2. Evaluating MSM-MAE

2-1. Evaluating on HEAR 2021 NeurIPS Challenge Tasks

We evaluate our models on our paper using hear-eval-kit from on HEAR 2021 NeurIPS Challenge as follows.

NOTE: The folder hear has all the files we need to evaluate models on hear-eval-kit.

  1. Install hear-eval-kit as follows:

    pip install heareval
    
  2. Download your copy of downstream dataset for 16 kHz. See HEAR NeurIPS 2021 Datasets@zenodo for the detail.

  3. To evaluate our models, we need a local package which loads and runs our models. The followings shows an example for a model named 80x208p16x16_mymodel.

    cd hear/hear_msm
    cp sample.py 80x208p16x16_mymodel.py
    ** Edit the 80x208p16x16_mymodel.py here, so that the value of `model_path` points to your model with an absolute path. **
    cd ..
    pip install -e .
    
  4. We are on the folder hear. Run the hear-eval-kit with your pre-trained model.

    python -m heareval.embeddings.runner hear_msm.80x208p16x16_mymodel --tasks-dir /your_copy/hear/tasks
    CUBLAS_WORKSPACE_CONFIG=:4096:8 python -m heareval.predictions.runner embeddings/hear_msm.80x208p16x16_mymodel/*
    

2-2. Evaluating on EVAR

EVAR is an evaluation package for audio representations used by our research papers such as BYOL-A and Composing General Audio Representation by Fusing Multilayer Features of a Pre-trained Model. It supports the following downstream tasks: ESC-50, US8K, FSD50K, SPCV1/V2, VoxForge, VoxCeleb1, CREMA-D, GTZAN, NSynth instrument family, Pitch Audio Dataset (Surge synthesizer).

The following steps setup MSM-MAE on the EVAR.

  1. Clone EVAR repository and prepare basic items.

    git clone https://github.com/nttcslab/eval-audio-repr.git evar
    cd evar
    curl https://raw.githubusercontent.com/daisukelab/general-learning/master/MLP/torch_mlp_clf2.py -o evar/utils/torch_mlp_clf2.py
    curl https://raw.githubusercontent.com/daisukelab/sound-clf-pytorch/master/for_evar/sampler.py -o evar/sampler.py
    curl https://raw.githubusercontent.com/daisukelab/sound-clf-pytorch/master/for_evar/cnn14_decoupled.py -o evar/cnn14_decoupled.py
    cd ..
    
  2. Install MSM-MAE files on the cloned evar folder.

    ln -s ../../to_evar/ar_msm_mae.py evar/evar
    ln -s ../../to_evar/msm_mae.yaml evar/config
    cd evar
    sed 's/import evar\.ar_byola/import evar\.ar_byola, evar\.ar_msm_mae/' -i lineareval.py
    cd ..
    
  3. Setup downstream task datasets according to Preparing-datasets.md.

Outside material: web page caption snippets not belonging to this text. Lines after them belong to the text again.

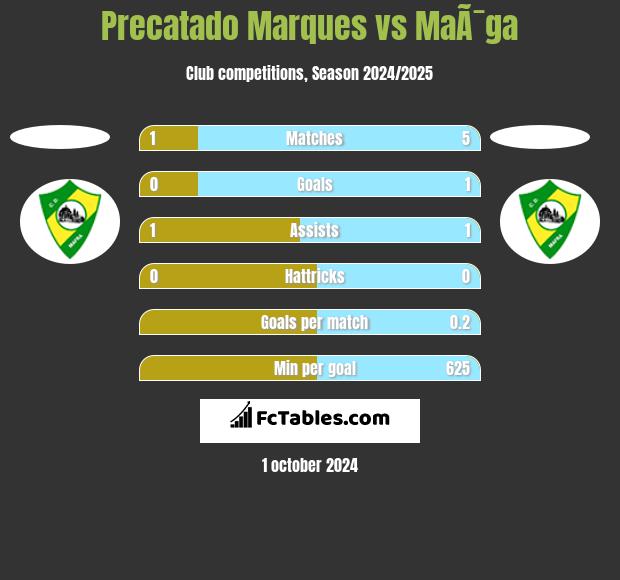 Precatado Marques vs MaÃ¯ga h2h player stats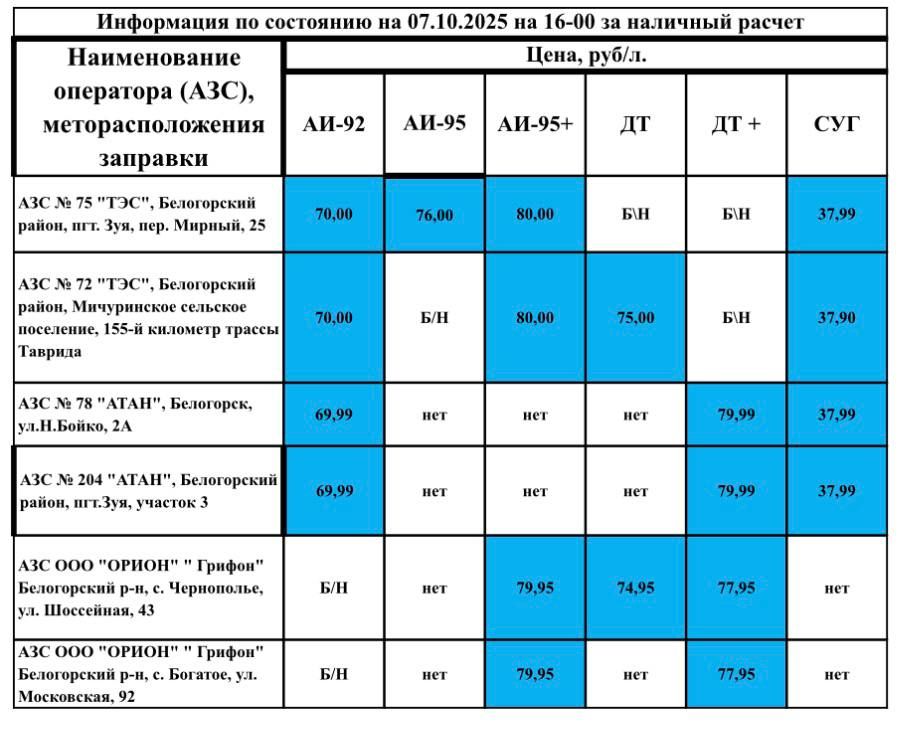 ������� �������: ���������� ���������� �� ������� ������� �� ��� � ����������� ������ �� ��������� �� 16:00 7 �������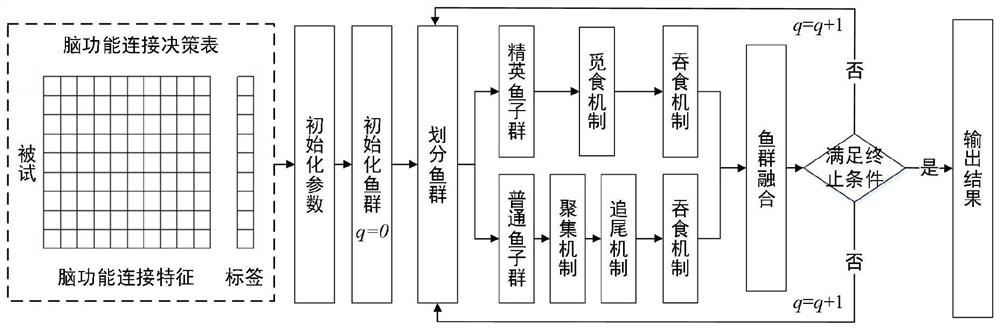 Neighborhood rough set method for feature reduction of fMRI brain function connection data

The following is an example for setting up CREMA-D dataset.

    cd evar
    python evar/utils/download_cremad.py downloads/cremad
    python prepare_wav.py downloads/cremad work/16k/cremad 16000
    cd ..
    

Once setup is complete, you can evaluate your models as follows.

  • For evaluating a model with an absolute path /your/path/to/model.pth.

    cd evar
    python lineareval.py config/msm_mae.yaml cremad weight_file=/your/path/to/model.pth
    
  • If you want to save GPU memory, set a fewer batch size as follows. This example sets it as 16.

    cd evar
    python lineareval.py config/msm_mae.yaml cremad batch_size=16,weight_file=/your/path/to/model.pth
    

3. Training From Scratch

First, you need to prepare pre-training data samples; then, you can pre-train your model. The following is an example to pre-train a model on FSD50K dataset.

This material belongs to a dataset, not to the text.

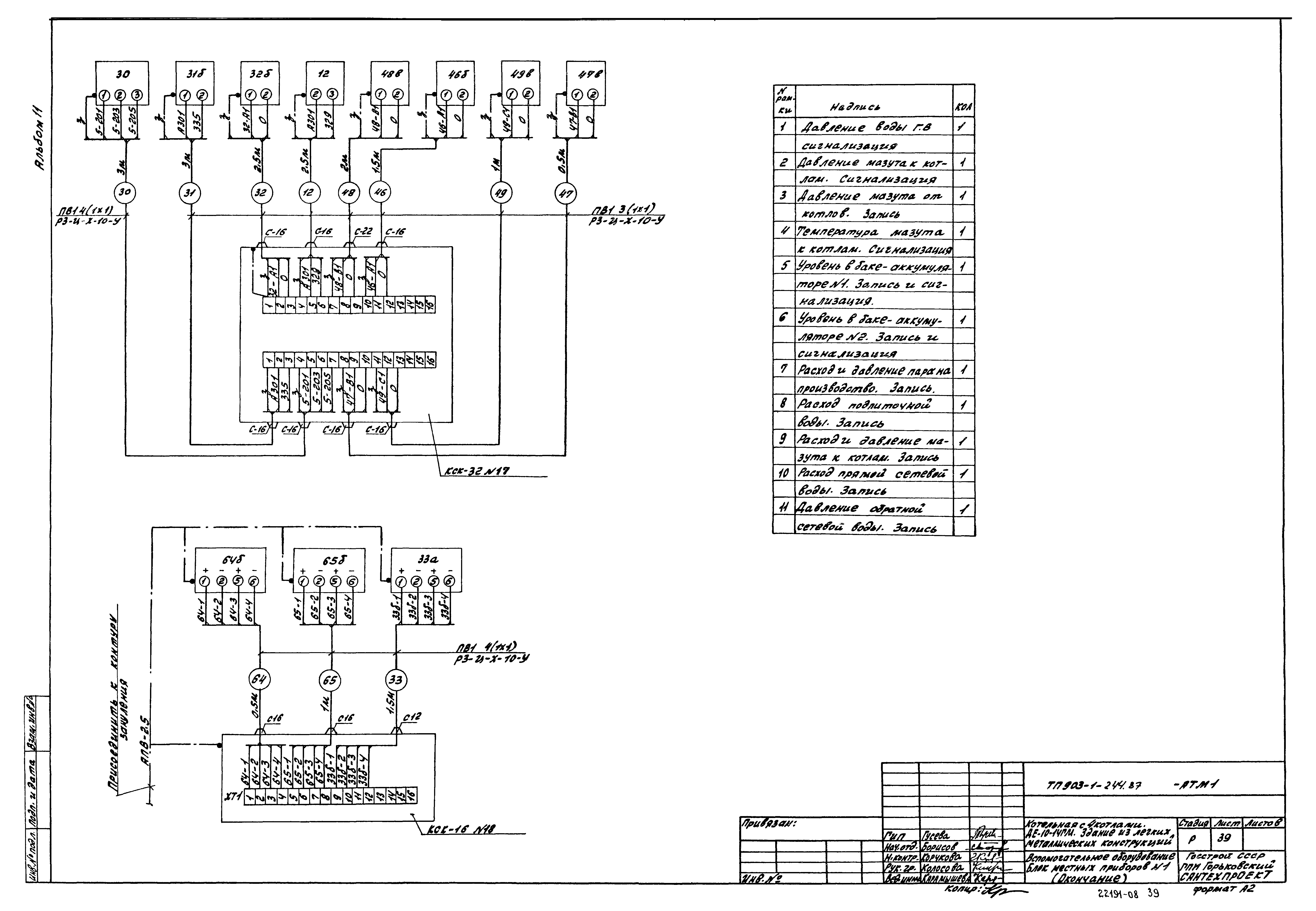 Типовой проект 903-1-244.87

  1. Preprocess .wav files into log-mel spectrogram .npy files. The following converts from a source folder /your/local/fsd50k/FSD50K.dev_audio to a new folder lms_fsd50kdev.

    python wav_to_lms.py /your/local/fsd50k/FSD50K.dev_audio lms_fsd50kdev
    
  2. Create a CSV file which is used as a list of pre-training samples containing a single column file_name. The following example creates trainingfiles.csv.

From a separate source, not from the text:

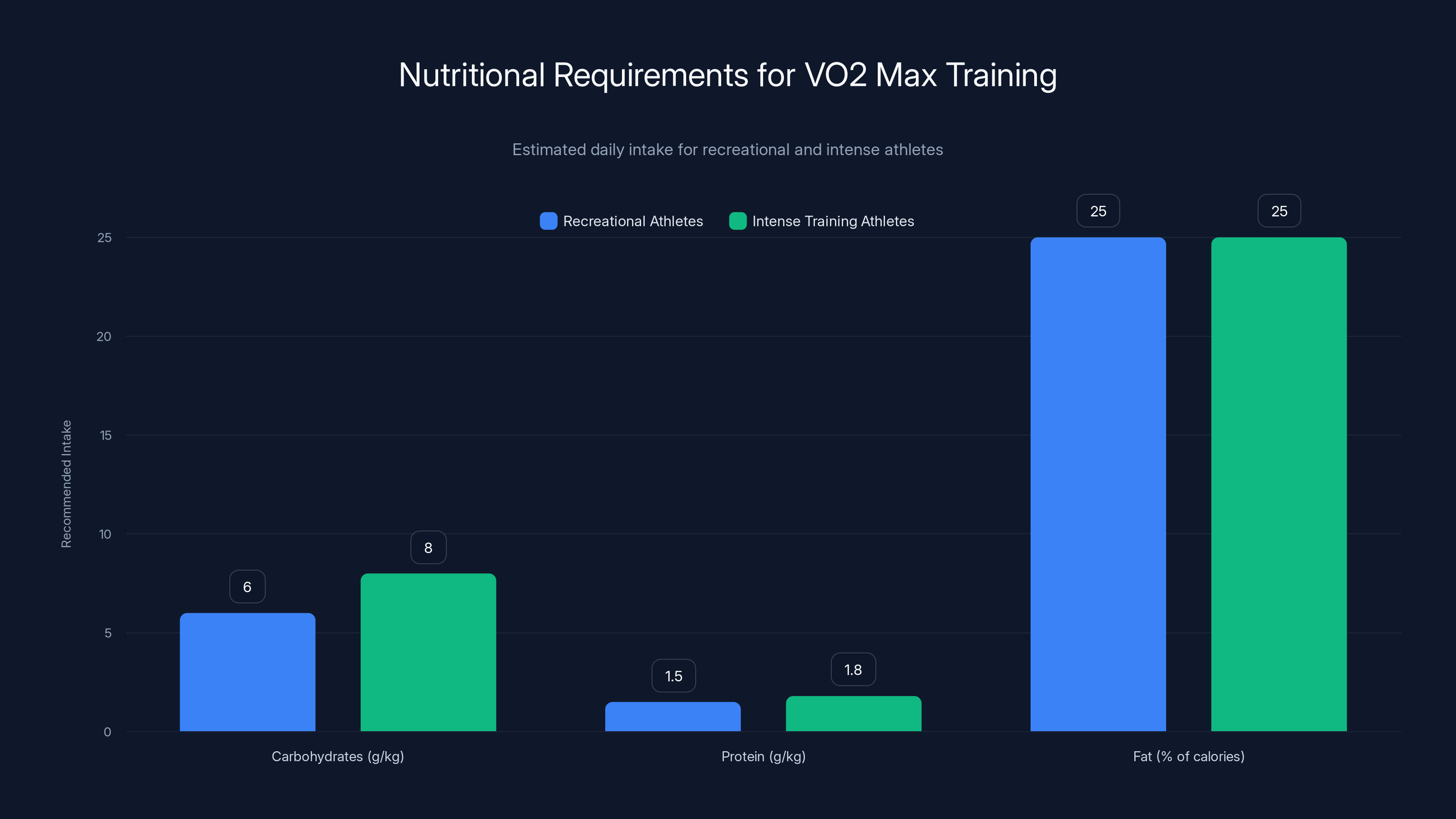 Nutritional Requirements for VO2 Max Training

    echo file_name > trainingfiles.csv
    (cd lms_fsd50kdev && find . -name "*.npy") >> trainingfiles.csv
    
  3. Make some copies of samples for visualization. The following example makes 3 symbolic links. All the samples under the folder vis_samples will be used to visualize reconstruction results of a checkpoint during training.

    mkdir -p lms_fsd50kdev/vis_samples
    ln -s ../1240.npy lms_fsd50kdev/vis_samples/1240.npy
    ln -s ../106237.npy lms_fsd50kdev/vis_samples/106237.npy
    ln -s ../119949.npy lms_fsd50kdev/vis_samples/119949.npy
    
  4. Once your data is ready, start pre-training as follows.

    python main_pretrain.py 80x208p16x16_your_test --input_size 80x208 --data_path lms_fsd50kdev --dataset trainingfiles --model=mae_vit_base_patch16x16
    

3-1. About run folders

The training loop creates a folder called the run folder to store artifacts of your training run, such as a log, visualizations, and checkpoints. In the example above, the 80x208p16x16_your_test is the run folder name which has a format below:

<input_size>p<patch_size>_<your_free_string>
 - input_size: Two integers concatenated with `x`.
 - patch_size: Two integers concatenated with `x`.
 - your_free_string: Optional.

NOTE: When a model is evaluated by EVAR or hear-eval-kit, the input and patch size parameters written in the run name are used.

3-2. Evalidation during training

The training loop takes two actions for evaluating checkpoints during training: visualization and calling an external command quick_eval.sh (EVAR by default).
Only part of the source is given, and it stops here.